*Brief:* Write out each record again exactly as it stands.

*Data shown:*
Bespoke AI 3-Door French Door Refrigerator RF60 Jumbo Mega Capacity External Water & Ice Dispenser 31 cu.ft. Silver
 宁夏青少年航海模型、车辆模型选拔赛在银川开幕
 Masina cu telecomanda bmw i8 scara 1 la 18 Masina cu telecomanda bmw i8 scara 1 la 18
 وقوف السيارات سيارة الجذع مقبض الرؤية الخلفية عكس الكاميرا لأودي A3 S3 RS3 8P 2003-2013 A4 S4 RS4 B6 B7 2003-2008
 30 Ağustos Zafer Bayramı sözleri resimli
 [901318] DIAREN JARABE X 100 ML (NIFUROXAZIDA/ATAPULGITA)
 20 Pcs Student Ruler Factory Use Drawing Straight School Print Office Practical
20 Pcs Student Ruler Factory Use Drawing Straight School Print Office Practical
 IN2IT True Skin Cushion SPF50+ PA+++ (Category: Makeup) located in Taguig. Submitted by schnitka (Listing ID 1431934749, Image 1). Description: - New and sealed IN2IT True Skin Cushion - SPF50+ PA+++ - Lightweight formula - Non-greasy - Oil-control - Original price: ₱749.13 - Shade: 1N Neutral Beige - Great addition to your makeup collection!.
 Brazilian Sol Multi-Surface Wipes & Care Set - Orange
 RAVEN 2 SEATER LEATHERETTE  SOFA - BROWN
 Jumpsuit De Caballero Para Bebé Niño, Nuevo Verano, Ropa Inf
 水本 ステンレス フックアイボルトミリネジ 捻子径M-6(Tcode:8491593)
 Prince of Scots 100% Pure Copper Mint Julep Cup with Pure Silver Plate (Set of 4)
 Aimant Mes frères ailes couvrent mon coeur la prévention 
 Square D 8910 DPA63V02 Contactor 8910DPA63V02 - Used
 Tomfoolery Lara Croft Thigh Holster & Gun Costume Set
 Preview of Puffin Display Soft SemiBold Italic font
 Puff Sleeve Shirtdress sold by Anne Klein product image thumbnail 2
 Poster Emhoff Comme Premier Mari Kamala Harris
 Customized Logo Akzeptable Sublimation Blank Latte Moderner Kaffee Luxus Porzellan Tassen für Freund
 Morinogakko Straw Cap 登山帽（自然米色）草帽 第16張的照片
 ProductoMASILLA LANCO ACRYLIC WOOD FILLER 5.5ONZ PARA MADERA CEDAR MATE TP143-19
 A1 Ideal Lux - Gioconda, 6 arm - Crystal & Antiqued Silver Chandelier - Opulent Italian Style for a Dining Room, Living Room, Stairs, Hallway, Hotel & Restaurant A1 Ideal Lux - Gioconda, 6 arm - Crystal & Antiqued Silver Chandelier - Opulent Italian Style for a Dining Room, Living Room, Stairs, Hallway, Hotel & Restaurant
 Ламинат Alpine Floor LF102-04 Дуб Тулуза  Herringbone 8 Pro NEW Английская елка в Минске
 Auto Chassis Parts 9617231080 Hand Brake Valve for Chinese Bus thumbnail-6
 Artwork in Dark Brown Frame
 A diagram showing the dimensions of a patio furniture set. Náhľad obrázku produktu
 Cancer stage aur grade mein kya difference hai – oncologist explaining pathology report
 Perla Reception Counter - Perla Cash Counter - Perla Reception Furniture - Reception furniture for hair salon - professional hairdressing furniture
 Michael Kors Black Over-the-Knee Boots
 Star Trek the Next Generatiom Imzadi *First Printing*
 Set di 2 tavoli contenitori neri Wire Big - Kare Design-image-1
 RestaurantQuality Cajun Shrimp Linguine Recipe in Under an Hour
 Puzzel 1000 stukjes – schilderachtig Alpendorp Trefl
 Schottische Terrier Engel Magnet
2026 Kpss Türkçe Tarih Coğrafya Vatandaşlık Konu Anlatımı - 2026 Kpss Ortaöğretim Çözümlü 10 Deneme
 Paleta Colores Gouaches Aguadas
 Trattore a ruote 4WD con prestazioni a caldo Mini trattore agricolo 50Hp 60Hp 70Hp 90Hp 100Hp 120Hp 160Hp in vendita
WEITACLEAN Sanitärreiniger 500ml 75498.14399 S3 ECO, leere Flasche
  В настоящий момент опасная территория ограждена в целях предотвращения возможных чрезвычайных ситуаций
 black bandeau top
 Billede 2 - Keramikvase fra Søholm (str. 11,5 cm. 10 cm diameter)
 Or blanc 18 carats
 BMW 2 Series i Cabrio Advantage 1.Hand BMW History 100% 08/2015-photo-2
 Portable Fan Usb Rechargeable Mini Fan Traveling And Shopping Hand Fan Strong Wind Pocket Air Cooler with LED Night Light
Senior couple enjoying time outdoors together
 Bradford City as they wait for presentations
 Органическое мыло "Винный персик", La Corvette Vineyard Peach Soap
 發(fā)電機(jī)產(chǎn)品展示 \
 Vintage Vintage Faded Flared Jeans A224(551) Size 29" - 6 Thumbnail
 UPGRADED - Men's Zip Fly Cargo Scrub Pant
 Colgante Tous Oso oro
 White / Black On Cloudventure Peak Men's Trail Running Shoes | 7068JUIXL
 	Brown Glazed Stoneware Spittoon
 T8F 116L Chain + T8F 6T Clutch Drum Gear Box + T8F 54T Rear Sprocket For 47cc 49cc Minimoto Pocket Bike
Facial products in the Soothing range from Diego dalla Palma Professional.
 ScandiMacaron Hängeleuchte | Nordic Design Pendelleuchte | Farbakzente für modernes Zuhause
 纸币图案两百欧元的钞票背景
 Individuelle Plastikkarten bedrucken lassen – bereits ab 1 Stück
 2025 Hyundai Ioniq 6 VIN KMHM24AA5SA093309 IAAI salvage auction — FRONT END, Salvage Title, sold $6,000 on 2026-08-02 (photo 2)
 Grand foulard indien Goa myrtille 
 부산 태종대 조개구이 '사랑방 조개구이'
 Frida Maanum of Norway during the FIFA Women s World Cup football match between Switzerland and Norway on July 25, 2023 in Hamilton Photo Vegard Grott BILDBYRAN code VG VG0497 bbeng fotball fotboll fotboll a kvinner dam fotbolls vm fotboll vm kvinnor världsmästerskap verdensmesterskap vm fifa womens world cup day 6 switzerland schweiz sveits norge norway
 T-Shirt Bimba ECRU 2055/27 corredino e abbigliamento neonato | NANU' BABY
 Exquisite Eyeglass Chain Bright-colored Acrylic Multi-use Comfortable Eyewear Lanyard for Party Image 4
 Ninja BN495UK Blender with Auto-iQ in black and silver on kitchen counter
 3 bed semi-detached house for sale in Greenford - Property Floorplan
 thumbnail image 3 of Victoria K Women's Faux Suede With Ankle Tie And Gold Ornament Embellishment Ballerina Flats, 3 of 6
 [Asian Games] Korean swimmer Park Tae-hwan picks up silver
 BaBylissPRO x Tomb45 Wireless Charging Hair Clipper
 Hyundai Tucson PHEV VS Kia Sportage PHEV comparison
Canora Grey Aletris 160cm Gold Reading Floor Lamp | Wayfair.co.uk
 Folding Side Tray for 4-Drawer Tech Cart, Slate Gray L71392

*Problem solution:*
Bespoke AI 3-Door French Door Refrigerator RF60 Jumbo Mega Capacity External Water & Ice Dispenser 31 cu.ft. Silver
 宁夏青少年航海模型、车辆模型选拔赛在银川开幕
 Masina cu telecomanda bmw i8 scara 1 la 18 Masina cu telecomanda bmw i8 scara 1 la 18
 وقوف السيارات سيارة الجذع مقبض الرؤية الخلفية عكس الكاميرا لأودي A3 S3 RS3 8P 2003-2013 A4 S4 RS4 B6 B7 2003-2008
 30 Ağustos Zafer Bayramı sözleri resimli
 [901318] DIAREN JARABE X 100 ML (NIFUROXAZIDA/ATAPULGITA)
 20 Pcs Student Ruler Factory Use Drawing Straight School Print Office Practical
20 Pcs Student Ruler Factory Use Drawing Straight School Print Office Practical
 IN2IT True Skin Cushion SPF50+ PA+++ (Category: Makeup) located in Taguig. Submitted by schnitka (Listing ID 1431934749, Image 1). Description: - New and sealed IN2IT True Skin Cushion - SPF50+ PA+++ - Lightweight formula - Non-greasy - Oil-control - Original price: ₱749.13 - Shade: 1N Neutral Beige - Great addition to your makeup collection!.
 Brazilian Sol Multi-Surface Wipes & Care Set - Orange
 RAVEN 2 SEATER LEATHERETTE  SOFA - BROWN
 Jumpsuit De Caballero Para Bebé Niño, Nuevo Verano, Ropa Inf
 水本 ステンレス フックアイボルトミリネジ 捻子径M-6(Tcode:8491593)
 Prince of Scots 100% Pure Copper Mint Julep Cup with Pure Silver Plate (Set of 4)
 Aimant Mes frères ailes couvrent mon coeur la prévention 
 Square D 8910 DPA63V02 Contactor 8910DPA63V02 - Used
 Tomfoolery Lara Croft Thigh Holster & Gun Costume Set
 Preview of Puffin Display Soft SemiBold Italic font
 Puff Sleeve Shirtdress sold by Anne Klein product image thumbnail 2
 Poster Emhoff Comme Premier Mari Kamala Harris
 Customized Logo Akzeptable Sublimation Blank Latte Moderner Kaffee Luxus Porzellan Tassen für Freund
 Morinogakko Straw Cap 登山帽（自然米色）草帽 第16張的照片
 ProductoMASILLA LANCO ACRYLIC WOOD FILLER 5.5ONZ PARA MADERA CEDAR MATE TP143-19
 A1 Ideal Lux - Gioconda, 6 arm - Crystal & Antiqued Silver Chandelier - Opulent Italian Style for a Dining Room, Living Room, Stairs, Hallway, Hotel & Restaurant A1 Ideal Lux - Gioconda, 6 arm - Crystal & Antiqued Silver Chandelier - Opulent Italian Style for a Dining Room, Living Room, Stairs, Hallway, Hotel & Restaurant
 Ламинат Alpine Floor LF102-04 Дуб Тулуза  Herringbone 8 Pro NEW Английская елка в Минске
 Auto Chassis Parts 9617231080 Hand Brake Valve for Chinese Bus thumbnail-6
 Artwork in Dark Brown Frame
 A diagram showing the dimensions of a patio furniture set. Náhľad obrázku produktu
 Cancer stage aur grade mein kya difference hai – oncologist explaining pathology report
 Perla Reception Counter - Perla Cash Counter - Perla Reception Furniture - Reception furniture for hair salon - professional hairdressing furniture
 Michael Kors Black Over-the-Knee Boots
 Star Trek the Next Generatiom Imzadi *First Printing*
 Set di 2 tavoli contenitori neri Wire Big - Kare Design-image-1
 RestaurantQuality Cajun Shrimp Linguine Recipe in Under an Hour
 Puzzel 1000 stukjes – schilderachtig Alpendorp Trefl
 Schottische Terrier Engel Magnet
2026 Kpss Türkçe Tarih Coğrafya Vatandaşlık Konu Anlatımı - 2026 Kpss Ortaöğretim Çözümlü 10 Deneme
 Paleta Colores Gouaches Aguadas
 Trattore a ruote 4WD con prestazioni a caldo Mini trattore agricolo 50Hp 60Hp 70Hp 90Hp 100Hp 120Hp 160Hp in vendita
WEITACLEAN Sanitärreiniger 500ml 75498.14399 S3 ECO, leere Flasche
  В настоящий момент опасная территория ограждена в целях предотвращения возможных чрезвычайных ситуаций
 black bandeau top
 Billede 2 - Keramikvase fra Søholm (str. 11,5 cm. 10 cm diameter)
 Or blanc 18 carats
 BMW 2 Series i Cabrio Advantage 1.Hand BMW History 100% 08/2015-photo-2
 Portable Fan Usb Rechargeable Mini Fan Traveling And Shopping Hand Fan Strong Wind Pocket Air Cooler with LED Night Light
Senior couple enjoying time outdoors together
 Bradford City as they wait for presentations
 Органическое мыло "Винный персик", La Corvette Vineyard Peach Soap
 發(fā)電機(jī)產(chǎn)品展示 \
 Vintage Vintage Faded Flared Jeans A224(551) Size 29" - 6 Thumbnail
 UPGRADED - Men's Zip Fly Cargo Scrub Pant
 Colgante Tous Oso oro
 White / Black On Cloudventure Peak Men's Trail Running Shoes | 7068JUIXL
 	Brown Glazed Stoneware Spittoon
 T8F 116L Chain + T8F 6T Clutch Drum Gear Box + T8F 54T Rear Sprocket For 47cc 49cc Minimoto Pocket Bike
Facial products in the Soothing range from Diego dalla Palma Professional.
 ScandiMacaron Hängeleuchte | Nordic Design Pendelleuchte | Farbakzente für modernes Zuhause
 纸币图案两百欧元的钞票背景
 Individuelle Plastikkarten bedrucken lassen – bereits ab 1 Stück
 2025 Hyundai Ioniq 6 VIN KMHM24AA5SA093309 IAAI salvage auction — FRONT END, Salvage Title, sold $6,000 on 2026-08-02 (photo 2)
 Grand foulard indien Goa myrtille 
 부산 태종대 조개구이 '사랑방 조개구이'
 Frida Maanum of Norway during the FIFA Women s World Cup football match between Switzerland and Norway on July 25, 2023 in Hamilton Photo Vegard Grott BILDBYRAN code VG VG0497 bbeng fotball fotboll fotboll a kvinner dam fotbolls vm fotboll vm kvinnor världsmästerskap verdensmesterskap vm fifa womens world cup day 6 switzerland schweiz sveits norge norway
 T-Shirt Bimba ECRU 2055/27 corredino e abbigliamento neonato | NANU' BABY
 Exquisite Eyeglass Chain Bright-colored Acrylic Multi-use Comfortable Eyewear Lanyard for Party Image 4
 Ninja BN495UK Blender with Auto-iQ in black and silver on kitchen counter
 3 bed semi-detached house for sale in Greenford - Property Floorplan
 thumbnail image 3 of Victoria K Women's Faux Suede With Ankle Tie And Gold Ornament Embellishment Ballerina Flats, 3 of 6
 [Asian Games] Korean swimmer Park Tae-hwan picks up silver
 BaBylissPRO x Tomb45 Wireless Charging Hair Clipper
 Hyundai Tucson PHEV VS Kia Sportage PHEV comparison
Canora Grey Aletris 160cm Gold Reading Floor Lamp | Wayfair.co.uk
 Folding Side Tray for 4-Drawer Tech Cart, Slate Gray L71392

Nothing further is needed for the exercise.